In the legal field, craftsmanship is usually referred to as ‟know-how” or ‟trade secrets”. Unlike trademarks, copyright, designs and patents, trade secrets – which are an integral part of the creative strategy of 75 percent of companies in the European Union (‟EU”) – do not currently benefit from strong protection granted by a harmonised and set framework of rules. Therefore, what’s in the works for the protection of trade secrets?
As a result, at the end of 2013, the European Commission proposed a new directive to harmonise the protection of trade secrets in the 28 member-states of the EU.
The directive on the protection of undisclosed know-how and business information (trade secrets) against their unlawful acquisition, use and disclosure, will protect trade secrets, being information that:
- is secret, in that it is not generally known or readily accessible to relevant persons in the field;
- has commercial value because it is secret, and
- has been subject to reasonable steps to keep it secret.
The acquisition of a trade secret will be unlawful in a range of circumstances where it is a result of breach of a confidentiality agreement or other practice ‟contrary to honest commercial practices”.
A common set of remedies where there has been unlawful acquisition, disclosure and use of trade secrets, such as interim and permanent injunctions, seizure and destruction of goods which result from the misuse of trade secrets and damages to compensate the trade secrets holders for losses suffered, will be implemented by the new directive. Another key change introduced is that some procedures will be in place to ensure the confidentiality of trade secrets during legal proceedings.
Many legal practitioners hope that the new directive will come into force in 2015, and then implemented by each member-state by 2016.

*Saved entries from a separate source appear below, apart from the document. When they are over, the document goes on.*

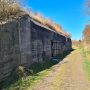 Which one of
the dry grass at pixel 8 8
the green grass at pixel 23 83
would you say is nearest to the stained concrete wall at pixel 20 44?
the dry grass at pixel 8 8

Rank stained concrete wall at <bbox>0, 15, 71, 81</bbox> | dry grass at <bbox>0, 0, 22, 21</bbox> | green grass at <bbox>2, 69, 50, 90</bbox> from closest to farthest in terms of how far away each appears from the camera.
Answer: green grass at <bbox>2, 69, 50, 90</bbox> < stained concrete wall at <bbox>0, 15, 71, 81</bbox> < dry grass at <bbox>0, 0, 22, 21</bbox>

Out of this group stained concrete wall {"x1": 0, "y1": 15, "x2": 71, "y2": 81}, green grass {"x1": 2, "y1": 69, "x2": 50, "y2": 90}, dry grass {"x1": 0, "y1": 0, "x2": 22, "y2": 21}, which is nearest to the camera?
green grass {"x1": 2, "y1": 69, "x2": 50, "y2": 90}

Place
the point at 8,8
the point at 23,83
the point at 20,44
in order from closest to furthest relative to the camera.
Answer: the point at 23,83, the point at 8,8, the point at 20,44

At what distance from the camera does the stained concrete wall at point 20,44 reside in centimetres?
1146

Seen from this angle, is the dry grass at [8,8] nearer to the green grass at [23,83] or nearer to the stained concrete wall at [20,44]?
the stained concrete wall at [20,44]

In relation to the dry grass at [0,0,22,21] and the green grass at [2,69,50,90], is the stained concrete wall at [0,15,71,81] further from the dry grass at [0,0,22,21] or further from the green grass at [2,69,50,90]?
the green grass at [2,69,50,90]

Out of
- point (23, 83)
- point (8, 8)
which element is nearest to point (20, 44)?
point (8, 8)

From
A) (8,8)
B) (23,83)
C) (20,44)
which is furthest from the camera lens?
(20,44)

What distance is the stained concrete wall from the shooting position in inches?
451

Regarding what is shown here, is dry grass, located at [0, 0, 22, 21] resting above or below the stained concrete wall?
above

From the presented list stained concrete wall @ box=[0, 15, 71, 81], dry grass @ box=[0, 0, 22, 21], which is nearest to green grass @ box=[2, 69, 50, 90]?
stained concrete wall @ box=[0, 15, 71, 81]

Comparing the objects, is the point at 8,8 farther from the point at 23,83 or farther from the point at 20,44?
the point at 23,83

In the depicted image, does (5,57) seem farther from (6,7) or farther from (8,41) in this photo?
(6,7)

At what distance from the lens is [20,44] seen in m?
13.9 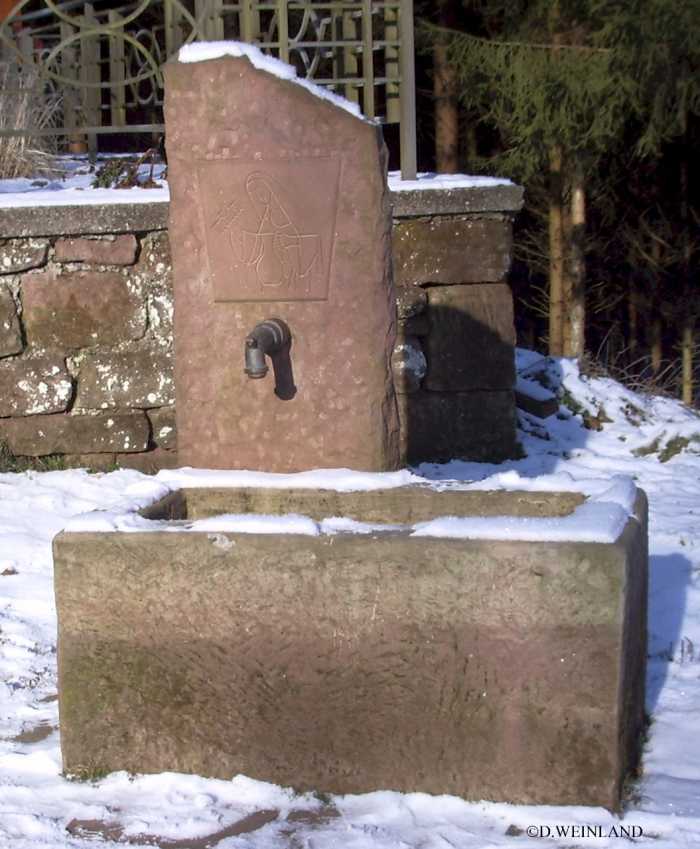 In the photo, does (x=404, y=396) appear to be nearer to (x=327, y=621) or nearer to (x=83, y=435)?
(x=83, y=435)

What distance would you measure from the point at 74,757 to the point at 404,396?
265 cm

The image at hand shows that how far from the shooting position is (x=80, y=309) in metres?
5.25

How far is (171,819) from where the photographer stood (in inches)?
104

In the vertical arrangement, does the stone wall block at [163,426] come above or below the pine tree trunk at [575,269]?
below

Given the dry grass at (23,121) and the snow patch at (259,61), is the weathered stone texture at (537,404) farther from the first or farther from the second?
the snow patch at (259,61)

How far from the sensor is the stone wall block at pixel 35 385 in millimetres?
5242

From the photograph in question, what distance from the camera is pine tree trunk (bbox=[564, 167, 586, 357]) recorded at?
798 cm

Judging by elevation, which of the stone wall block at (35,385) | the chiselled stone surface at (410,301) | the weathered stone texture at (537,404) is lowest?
the weathered stone texture at (537,404)

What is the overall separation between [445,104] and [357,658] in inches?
246

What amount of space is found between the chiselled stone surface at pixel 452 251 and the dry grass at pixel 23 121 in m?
1.99

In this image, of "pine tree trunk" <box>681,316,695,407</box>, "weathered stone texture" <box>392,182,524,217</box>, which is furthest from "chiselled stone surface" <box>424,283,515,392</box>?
"pine tree trunk" <box>681,316,695,407</box>

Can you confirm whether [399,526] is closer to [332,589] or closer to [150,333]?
[332,589]

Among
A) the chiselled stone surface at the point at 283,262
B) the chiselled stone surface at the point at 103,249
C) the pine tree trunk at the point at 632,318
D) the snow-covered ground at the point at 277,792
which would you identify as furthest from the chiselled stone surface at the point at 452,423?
the pine tree trunk at the point at 632,318

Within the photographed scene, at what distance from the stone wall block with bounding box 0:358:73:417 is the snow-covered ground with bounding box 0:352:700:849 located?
24.9 inches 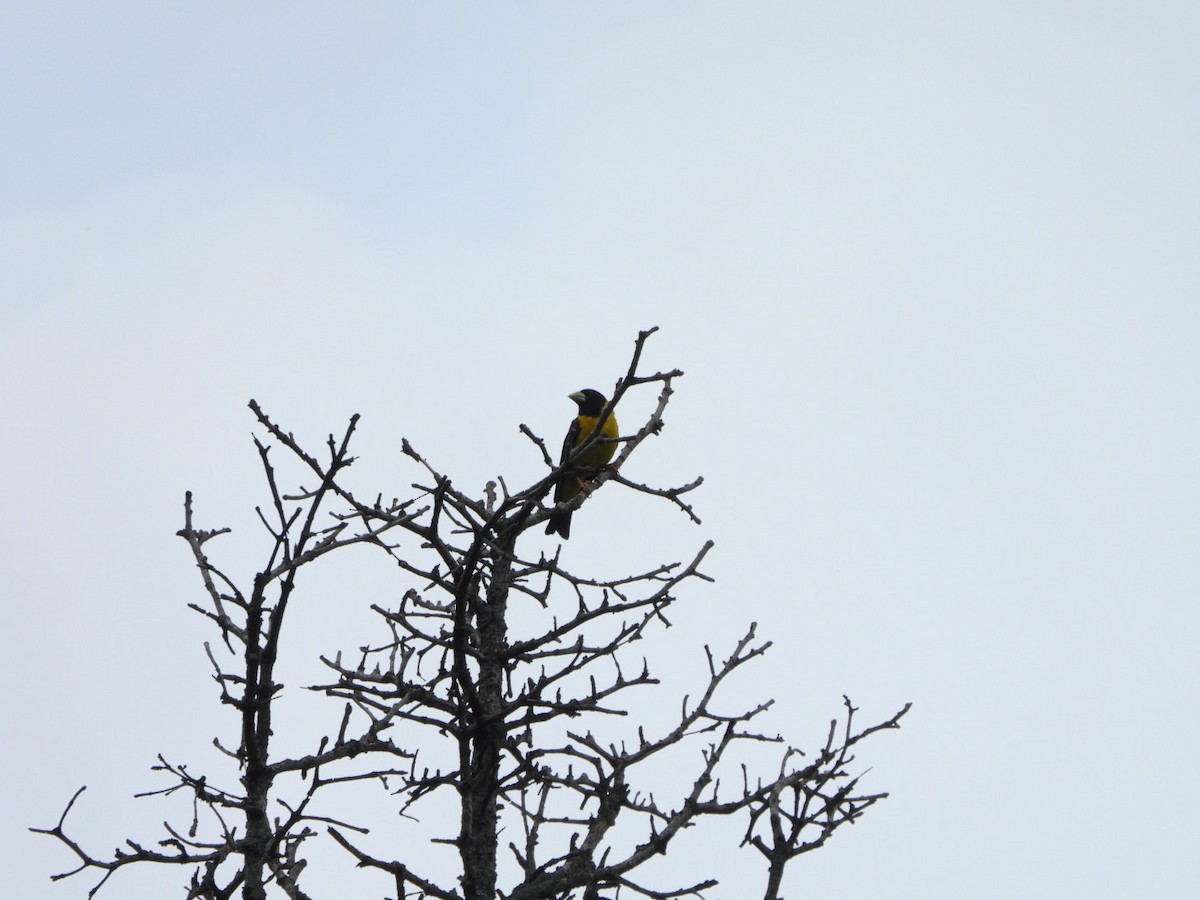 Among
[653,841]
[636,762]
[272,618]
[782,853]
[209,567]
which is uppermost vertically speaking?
[209,567]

The directive is good news for businesses, especially those focusing on craftsmanship. The new minimum level of protection for trade secrets will give them greater certainty that their trade secrets are safe and may facilitate cross-border investment and innovation. However, these changes will not remove the need for confidentiality agreements, especially as a prerequisite to the exchange of valuable confidential information.